The amended provisions of the Obligations Act on the seller's liability for material defects, redefine the concept of material defect and introduce special rules in consumer contracts on the obligations of the seller in the case of sale of items with digital elements.
According to the Obligations Act, the material defect exists in the following cases:
- if the item does not correspond to the description, type, quantity and quality, i.e. it does not have the functionality, compatibility, interoperability and other features as determined by the sale-purchase agreement,
- if the item is not suitable for any special purpose for which the buyer needs it and about which the buyer informed the seller at the latest at the time of concluding the contract and in relation to which the seller gave his consent,
- if the item is not delivered with all additional equipment and instructions, including installation instructions, as stipulated in the sale-purchase agreement,
- if the item is not delivered with updates as specified in the sale-purchase agreement,
- if the item is not suitable for use for the purposes for which the item of the same type would normally be used, considering all EU and Croatian regulations, technical standards or, in the absence of such technical standards, applicable codes of conduct in a particular area if they exist,
- if the item does not correspond to the quality and description of the sample or model that the seller made available to the buyer before concluding the contract,
- if the item is not supplied with additional equipment, including packaging, installation instructions or other instructions, which the buyer can reasonably expect to receive,
- if the item does not correspond to the quantity or does not have those properties and other characteristics, including those related to durability, functionality, compatibility and safety, which are common to the item of the same type and which the buyer can reasonably expect given the nature of the item and taken into account any public statements made by the seller or other persons, or made on their behalf, in particular in advertising or labelling in previous stages of the transaction chain, including the manufacturer,
- if the item is incorrectly installed or assembled, and the installation or assembly service forms part of the sale-purchase agreement and was performed by the seller or the person for whom he is responsible or
- if the item intended to be installed or assembled by the customer is incorrectly installed or assembled by the customer, and improper installation or assembly is due to a lack of instructions provided by the seller or, in the case of items with digital elements, provided by the seller or supplier of digital content or digital services.
If the consumer contract provides for the continuous delivery of digital content or digital service for more than two years, the seller is responsible for defects in digital content or digital service that occur during the period in which digital content or digital service is to be delivered according to the sale-purchase agreement.
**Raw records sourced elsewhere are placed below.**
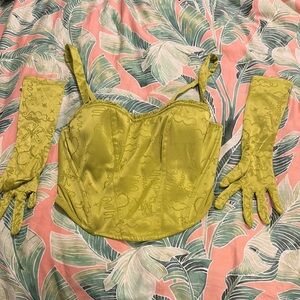 Green Corset Top with Matching Gloves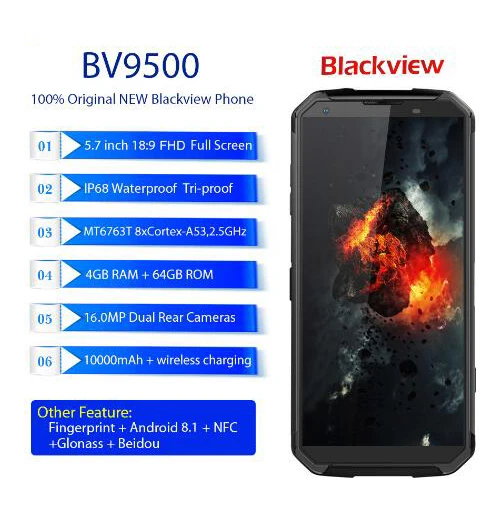 

Blackview BV9500 IP68 waterproof 5.718:9 FHD Smartphone 4G Android 8.1 4G+64GB 10000mAh wireless charging NFC mobile phone GPS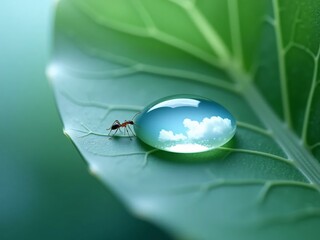 ants on green leaf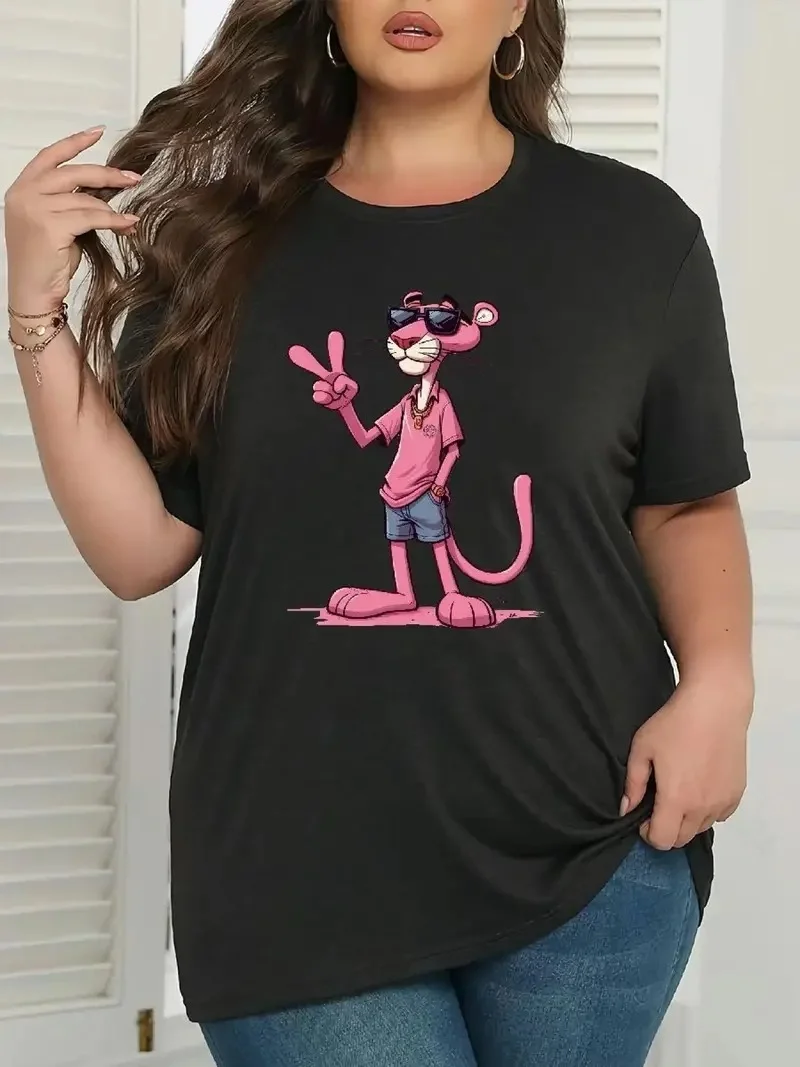 20/1 Penye Compack Pembe Panter Baskılı Oversize Bisiklet Yaka Kısa Kol Yazlık T-shirt - Beyaz -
On the other hand, if the consumer sale-purchase agreement provides for the continuous delivery of digital content or digital service for a period of less than two years, the seller is responsible for defects in digital content or digital service that occur within two years of the transfer of risk.
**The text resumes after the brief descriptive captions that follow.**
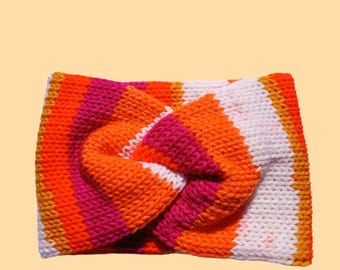cozy knit ear warmer, sunset colors, twisted war warmer, handmade, Christmas, winter, gift for her, Christmas.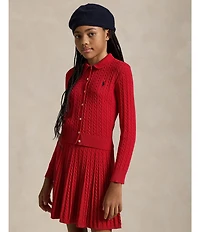 Polo Ralph Lauren Little Girls Long Sleeve Polo Cardigan & Skirt Set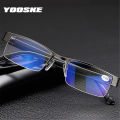 YOOSKE Blue Film Resin Reading Glasses Men Women Metal Half Frame Hyperopia Eyeglasses +1.0 1.52.02.5 3.0 3.5 4.0 Diopter. 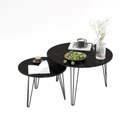 27.56'' Round Nesting Coffee Table Set Of 2, Circular Nesting End Table Set, Round Marble Tabletop, And Sturdy Metal Base For Living Room, Bedroom, Black Black Round Wood Metal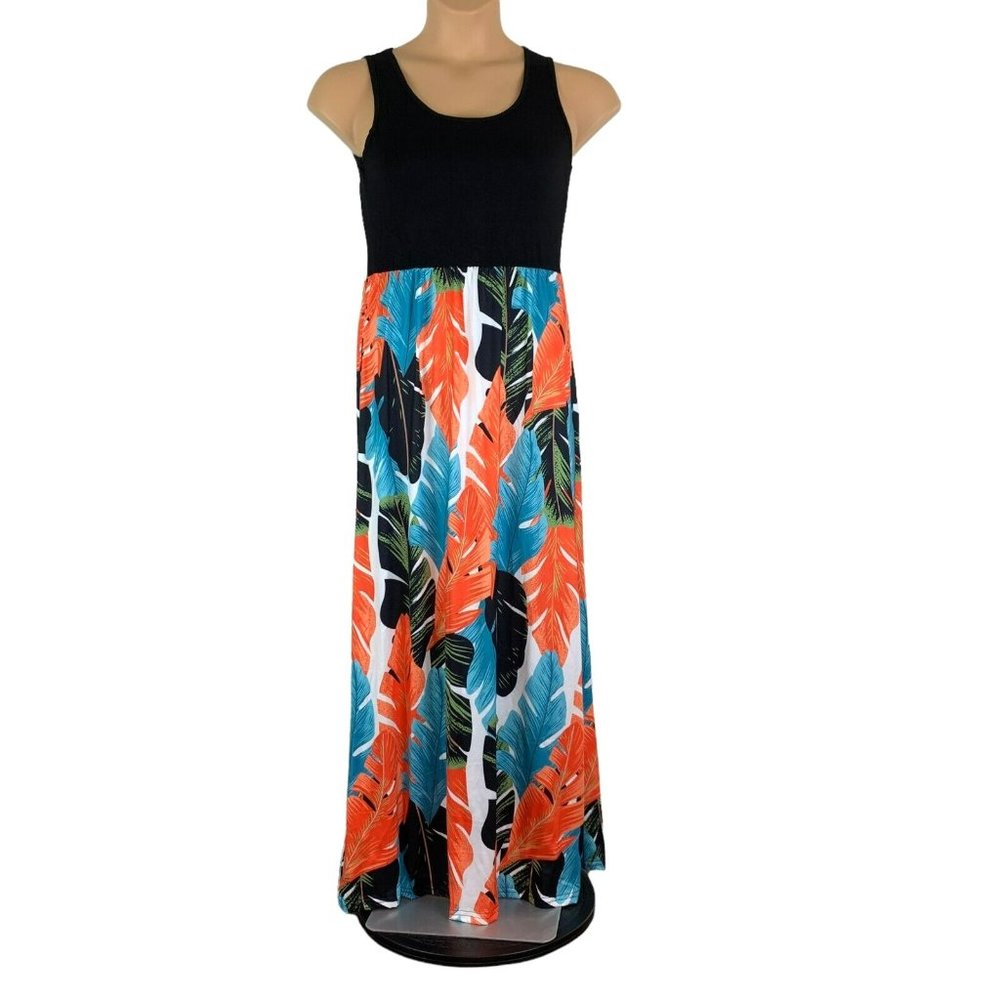 BLUETIME Maxi Dress Palm Leaf Print Pursuing Perfection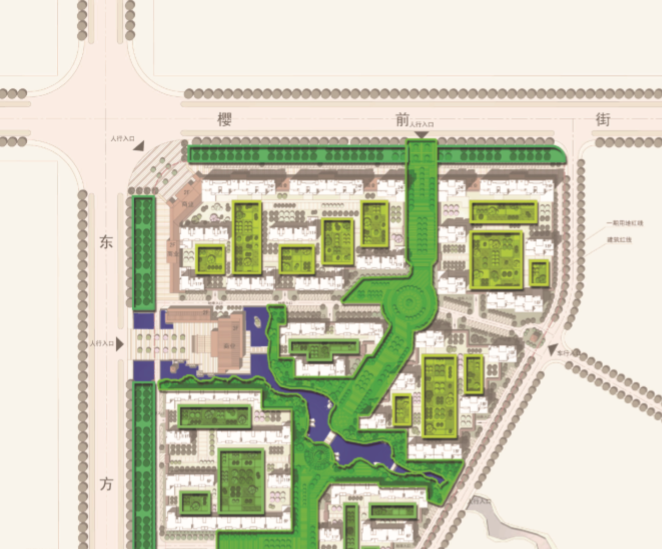 [大型国企]房地产开发项目详细规划方案(附图丰富)-绿化系统分析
In addition to the above changes, the period in which the seller has the burden of proof that the item at the time of the transfer of risk was not defective has been extended from six months to one year, except for commercial contracts where this period is six months from the moment transfer of risk.
Another important change is that the law prescribes the hierarchy of the buyer's rights in case of material defect in such a way that the buyer can first choose between repair or replacement of the item, unless the chosen method of eliminating the defect would be impossible or cause disproportionate costs to the seller. If the buyer does not receive requested repair or replacement, he may request a price reduction or termination of the contract.